La vide entrare nella stanza sulla sinistra poco più avanti della cucina che era inglobata nel salotto. Una casa per niente sfarzosa, si vedeva che non se la cavava bene. C’erano delle infiltrazioni di acqua nel soffitto che non promettevano nulla di buono, le finestre avevano solo gli infissi ma erano prive dei vetri, evidentemente avevano occupato quelle quattro mura abusivamente. 

"Ti affascina la muffa Enzo?"
Anche stavolta lo aveva preso di sorpresa.

"Ti diverti proprio a prendermi nei momenti in cui sto assorto".

Lei aveva stampato in faccia un sorriso da furbetta che lo intenerì nell’immediato.

"Ti faccio un caffè, lo prendi?"

"Sì grazie, zuccherato".

Marta mise su la macchinetta piccola, dopo aver messo l’acqua e poi il caffè cercò di avvitarla.

"Visto che ci sei, assicurati che sia ben stretta".

Enzo la prese fra le mani e la strinse con forza.
"Son proprio curioso di sapere poi come la sviterai".

Marta si limitò ad alzare un sopracciglio, fissandolo in quegli occhi color ghiaccio.

"Che hai da guardare Bambi?"
Sorrise scherzosamente cercando di sostenere lo sguardo di lei. Aveva un taglio degli occhi orientale, grandi e con l'iride scura, con toni caldi ed ambrati a seconda del sole. Non sapeva perchè ci stava pensando così tanto, eppure di ragazze avvenenti in quello squarcio di quartiere ce ne erano.
Ma Marta era particolare e questo lui lo aveva intuito.
La macchinetta incominciò a sbuffare, e Marta spense il fuoco.

"Niente, non posso guardarti Malament?"

"Certo che puoi nonnina".

"Almeno il mio maglione di ciniglia è del mercato del rione, ma non lo spaccio per originale come fai tu".
Posò la tazzina di fronte a lui, mettendo un cucchiaino di zucchero al suo interno.

"Basta così?"

"Sì, grazie. E comunque i miei capi sono finti originali, ma hanno stile".

Risero come i bambini che fanno uno scherzo durante la lezione, sommessamente ma di gusto. Enzo non si era mai trovato così a suo agio con nessuna donna. Aveva sempre avuto come obiettivo quello di non impegnarsi seriamente e di vivere delle relazioni libere e senza vincoli. Non sapeva identificare il valore dell’amore, in fondo lui di amore non ne aveva mai avuto esempio, il padre in carcere e la madre sempre con compagni differenti. Avrebbe dovuto avere un fratellino qualche anno fa, ma la madre lo aveva solo partorito e poi dato in adozione, non sentiva l’istinto materno. Non aveva voluto neanche prenderlo in braccio dopo che le ostetriche lo avevano pulito. Lui lo venne a scoprire solo qualche mese dopo, tramite una discussione fra sua madre e il compagno.

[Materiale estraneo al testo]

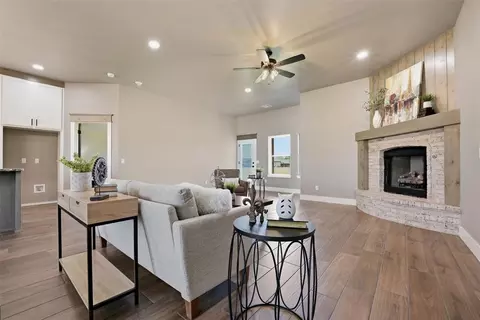 Living - 1109 Bridgeview Ln, Tuttle, OK 73089 photo 1 of 4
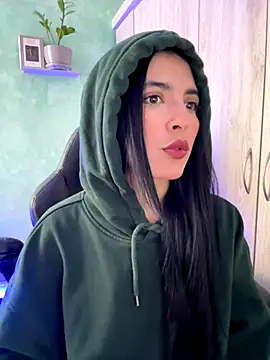 Snapshot of Cristal_Cerati_ chatting on 11.16.25 Cristal Cerati online show from 11.16.25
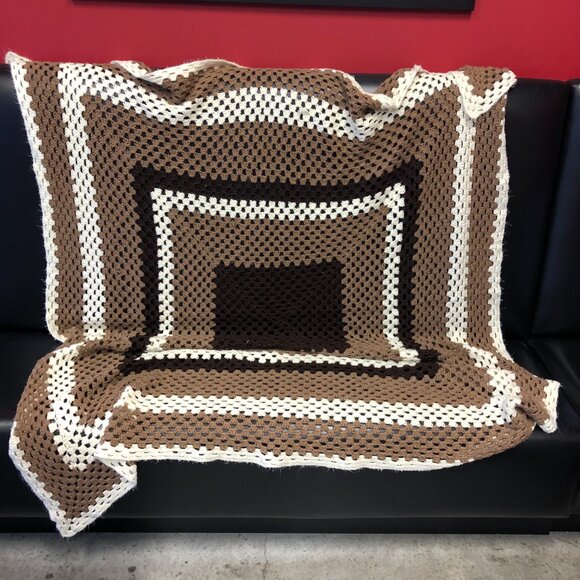 Afghan Blanket Hand Knit Brown White Large Full Size 62" x 62" Vintage MCM HUGE - Picture 5 of 5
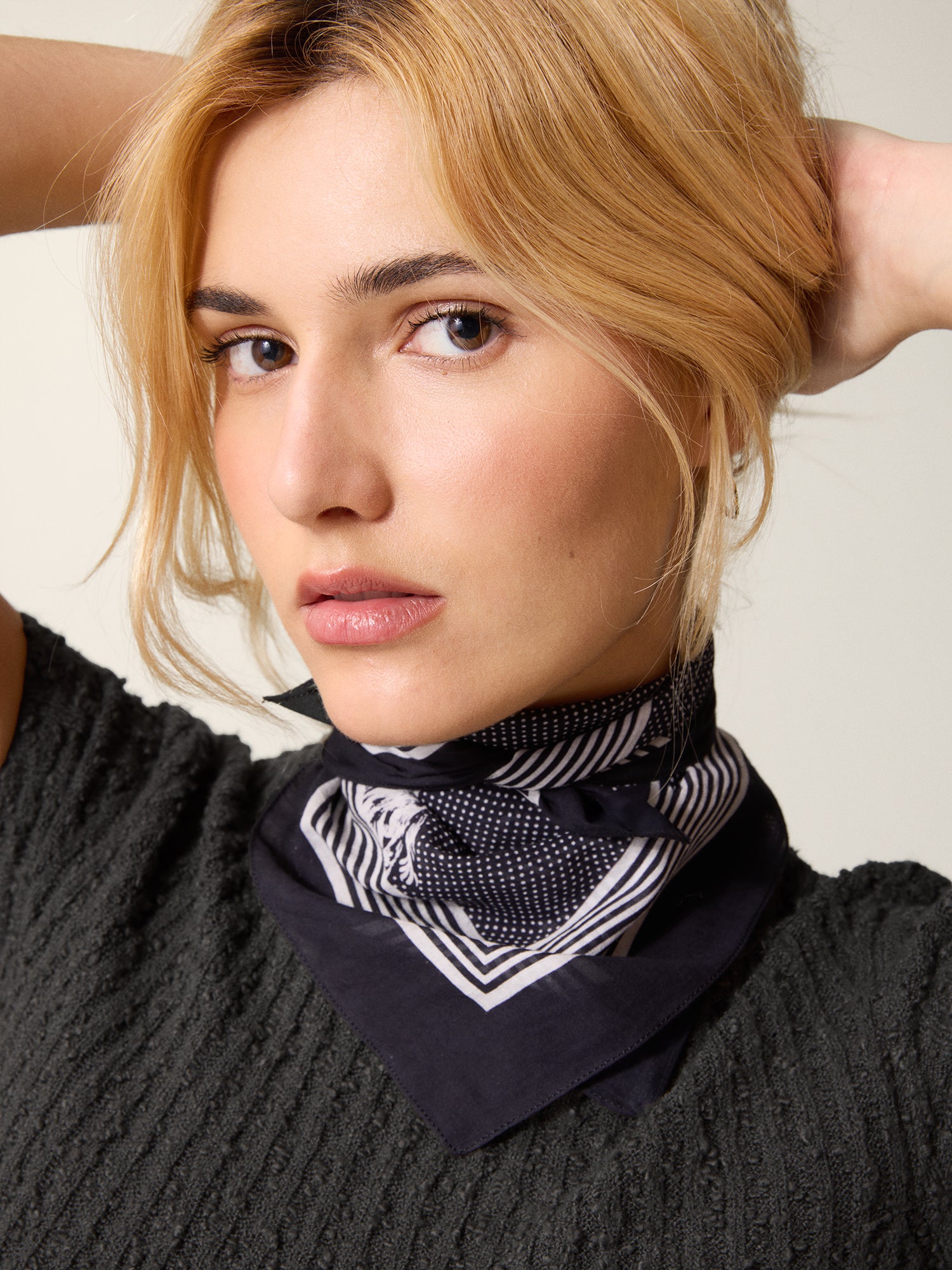 TANGUY scarf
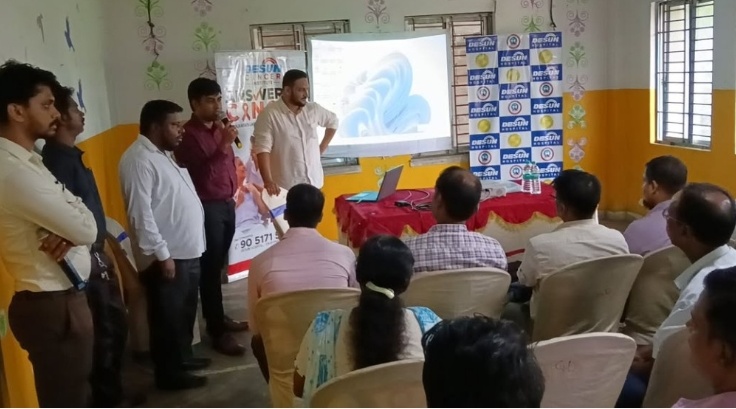 বিশিষ্ট সমাজ সেবী আকরাম হোসেন সরদারের সহযোগিতায় ওরাল ক্যান্সার নিয়ে গুরুত্ব পূর্ণ স্বাস্থ্য সচেতন শিবির জয়নগরে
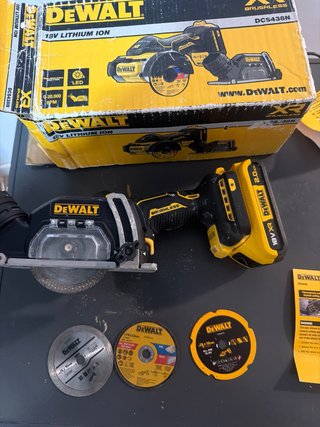 Radial DeWalt 18V XR Brushless DCS438N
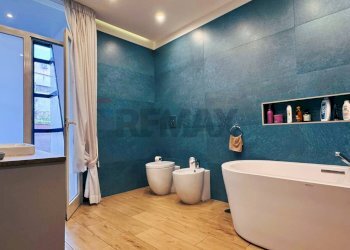 Bagno - Villa Bifamiliare Via Nicola Nicolini
 
68, Napoli - foto 23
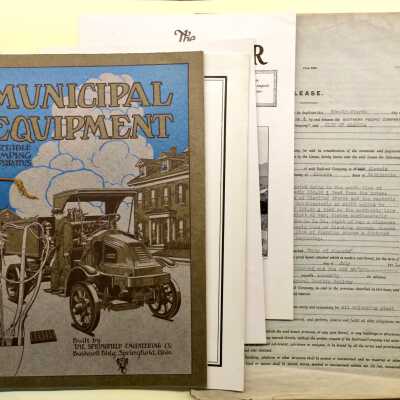 Folder with documents relating to the City Streets Department, 1914, 1920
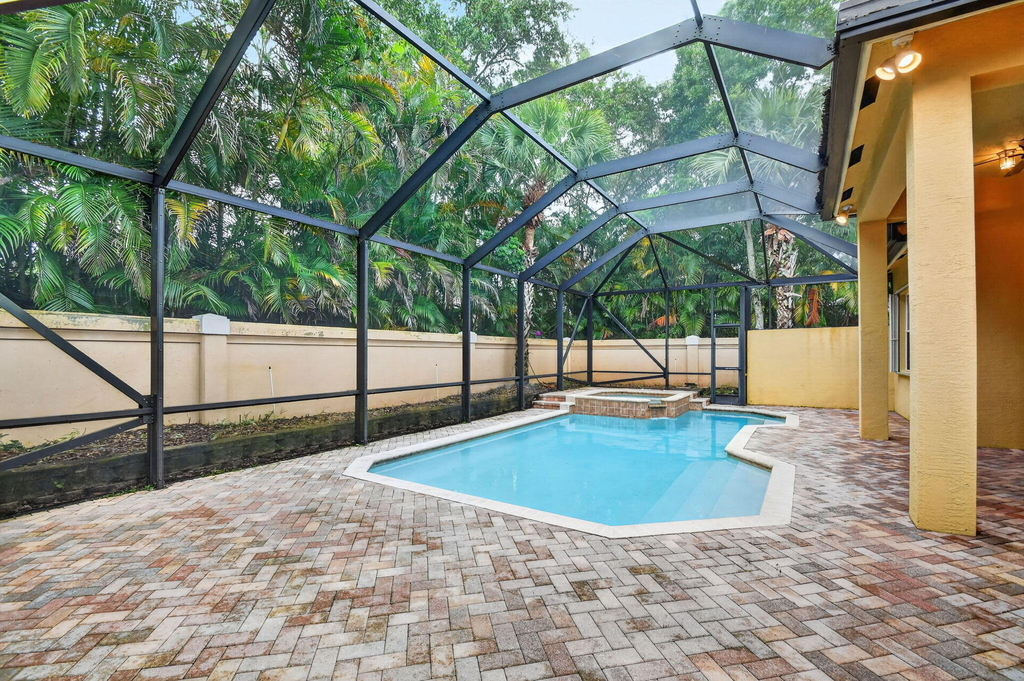 10247 Isle Wynd Court - Photo 16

"Che hai tatuato sul polso?"
La voce pacata di Marta interruppe l'immensa cascata dei suoi pensieri.
​Lui le sorrise convergendo il suo sguardo nell'esatto punto che lei stava indicando.

"C’è scritto Gratia. E’ una parola latina che identifica il gesto che faceva l’imperatore quando durante uno scontro nel circo, durante i giochi, doveva decidere sulla sorte del gladiatore in fin di vita. Se poneva il pollice verso, lo condannava. Se lo alzava, allora lo graziava, salvandogli la vita".

"E allora?"
Marta sentiva che c'era qualcosa di incompiuto nelle sue parole.

"Spero che Dio faccia la stessa cosa con me".